WORK ORDER -
Return all of the data that follows precisely, leaving every image out.

RECORDED DATA -
·····

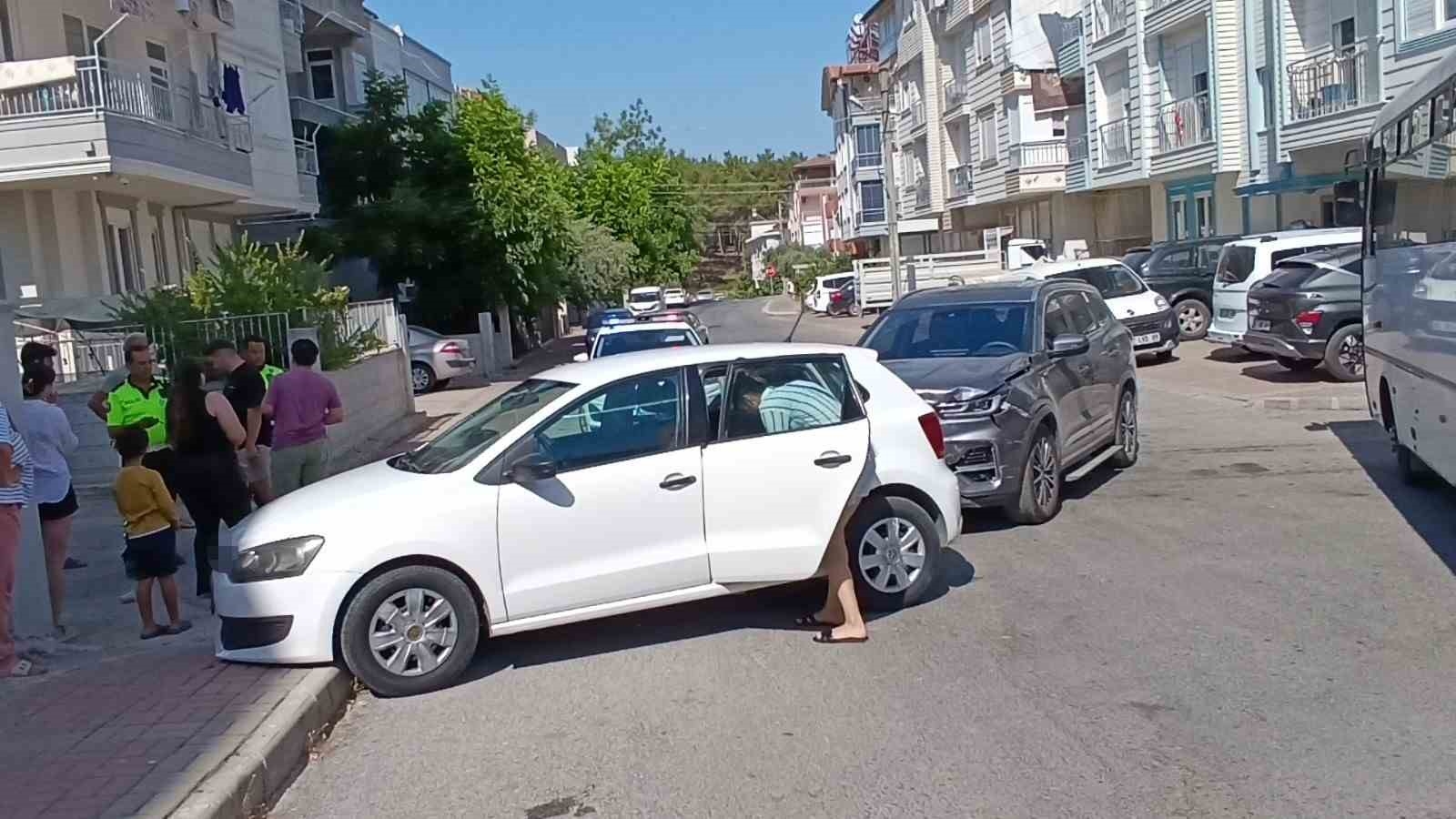 Kavşağa kontrolsüz giren otomobil kazaya sebep oldu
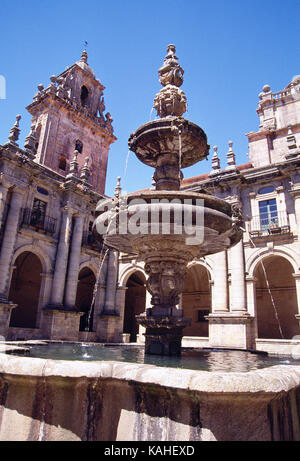 Cloître du Monastère San Martin Pinario. Santiago de Compostela, province de La Corogne, Galice, Espagne. Banque D'Images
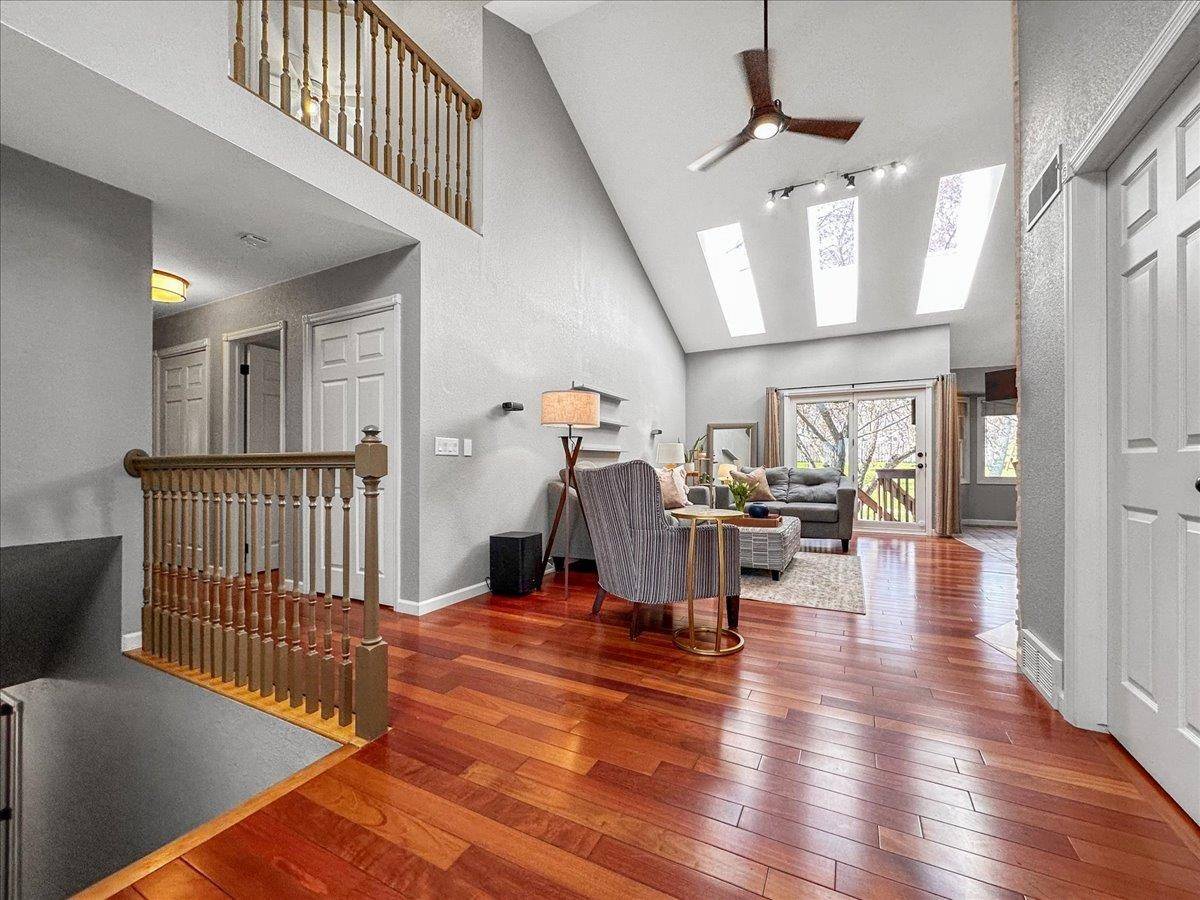 Dubuque, IA 52001,3177 Caroline CT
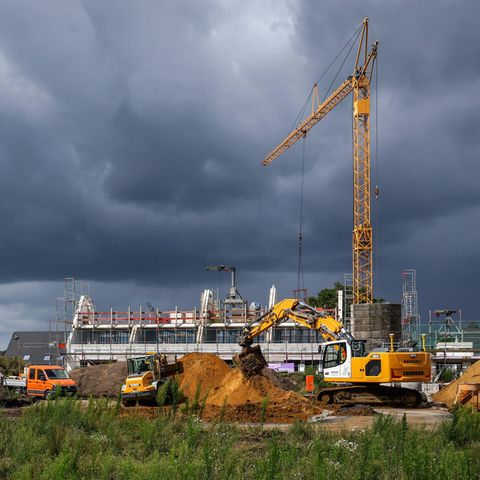 Wohnungsbau im Neubaugebiet. Dunkle Wolken über Neubauviertel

·····

RESPONSE AREA -
 Kavşağa kontrolsüz giren otomobil kazaya sebep oldu
 Cloître du Monastère San Martin Pinario. Santiago de Compostela, province de La Corogne, Galice, Espagne. Banque D'Images
 Dubuque, IA 52001,3177 Caroline CT
 Wohnungsbau im Neubaugebiet. Dunkle Wolken über Neubauviertel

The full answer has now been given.